Desde mis cuatro paredes, puedo afirmar que las celdas de aislamiento, que son cinco, corresponden a lo que aquí se le llama “tranomaizina”, una palabra malgache que significa “casa de las tinieblas”.
Todo es oscuro aquí, como mi tenebrosa celda de 4 m x 3 m, enmarcada por unas paredes mustias y sucias, de la que solo puedo salir de 30 minutos a una hora diaria.
Todo es oscuro aquí, como la austeridad extrema y casi monacal del mobiliario, que se compone de un cubo sanitario y un simple catre. Todo es oscuro aquí, como la lente de la cámara que, en absoluta violación del derecho nacional e internacional, me filma sin tregua y me despoja de mi intimidad.
Todo es oscuro aquí, como la escasez y la brevedad de las visitas, supervisadas, que se autorizan dos veces por semana, por no más de 15 minutos.
Todo es oscuro aquí, como el proselitismo que se hace a determinadas horas, a través de los altavoces colectivos, en favor de una única religión.
Todo es oscuro aquí, como este interminable aislamiento, que nunca antes había durado tanto; el más largo fue de dos meses.

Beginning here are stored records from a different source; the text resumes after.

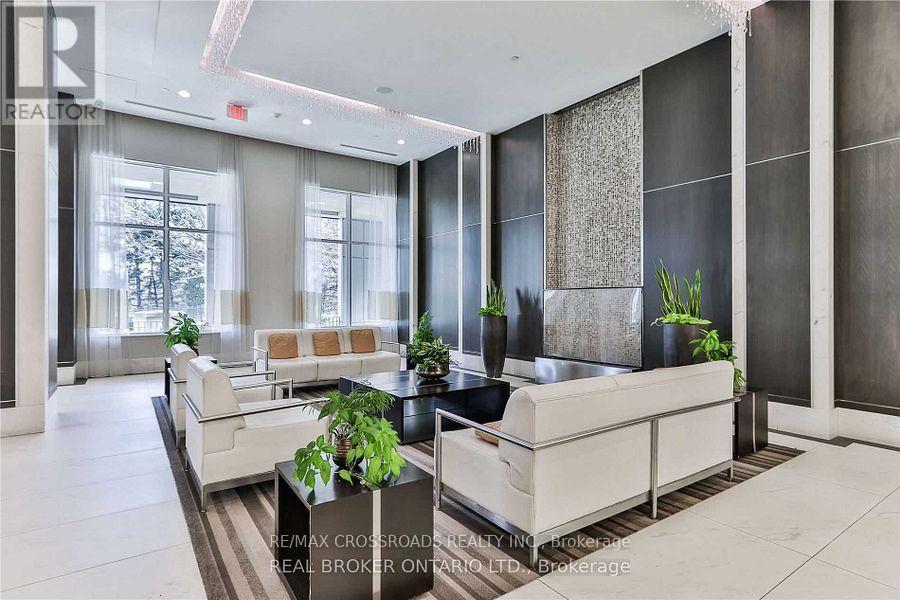 2504 - 181 Wynford Drive, Toronto, ON - Indoor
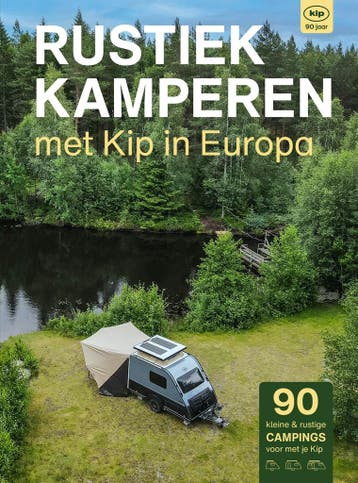 Rustiek Kamperen / Rustiek Kamperen / 9 9789083226293, Verzenden, Zo goed als nieuw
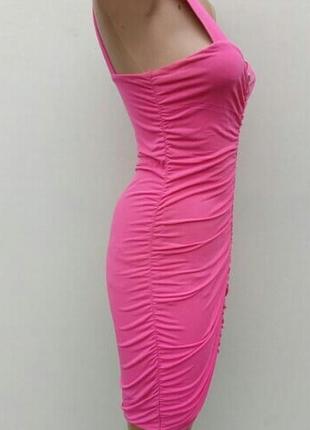Сексапільна міні сукня h&m3 фото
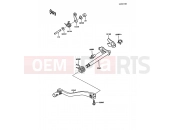 KAWASAKI KMX125 (KMX125-B1) Gear Change Mechanism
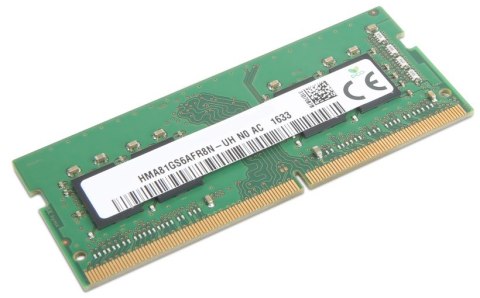 Pamięć LENOVO (SODIMM/DDR4/16 GB/3200MHz/1.2V/SINGLE)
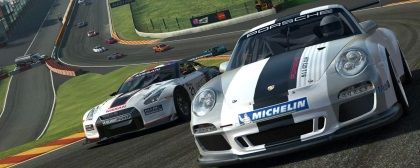 FREE Android and iOS Real Racing 3 - New update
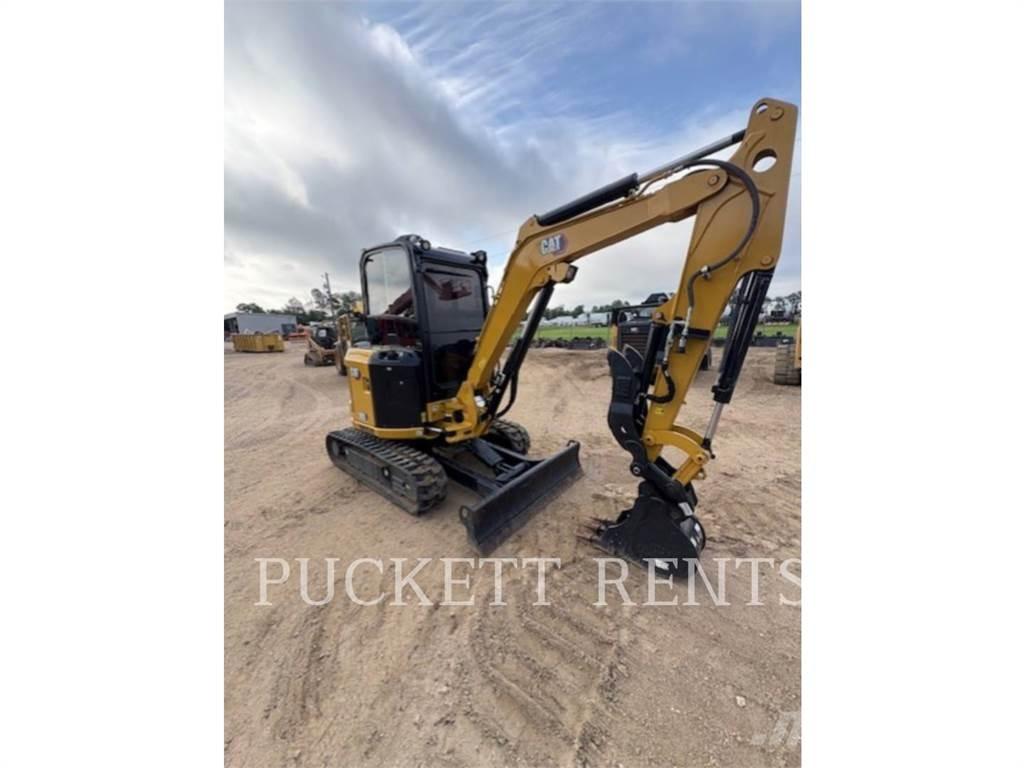 CAT 303-07CR 履帶式 挖土機/掘鑿機/挖掘機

Todo es oscuro aquí, como la transposición de las costumbres del mundo exterior, en el que la corrupción impera a sus anchas y corroe todo a su alrededor. Un mundo en el que, por norma, los poderosos explotan a los más débiles.
Nelson Mandela escribió en sus memorias: “Una nación no debe juzgarse por como trata a sus ciudadanos con mejor posición, sino por como trata a los que tienen poco o nada”, y Sudáfrica trataba a sus reclusos como animales. Los que vivimos entre estas cuatro paredes sabemos que es así.
Hoy en día, Madagascar sigue tratando a sus reclusos como animales, y el hecho de que los funcionarios de prisiones sean humanos no cambia nada; ellos solo siguen órdenes.
Los directores de prisión no deberían olvidar que la grandeza de las ideas, los corazones y las almas resiste a la pesantez, y que nunca lograrán aprisionarlos, sobre todo cuando persiguen el bien supremo. Tampoco deberían olvidar que, a la oscuridad reinante de la prisión, se opone la luz del amor infinito de nuestros seres queridos, que nos permite seguir adelante, y el amor incondicional y misericordioso de Dios, que nos transporta mucho más lejos de estas cuatro paredes.
Lugares como este no deberían existir, pero, por desgracia, Tsiafahy es bien real.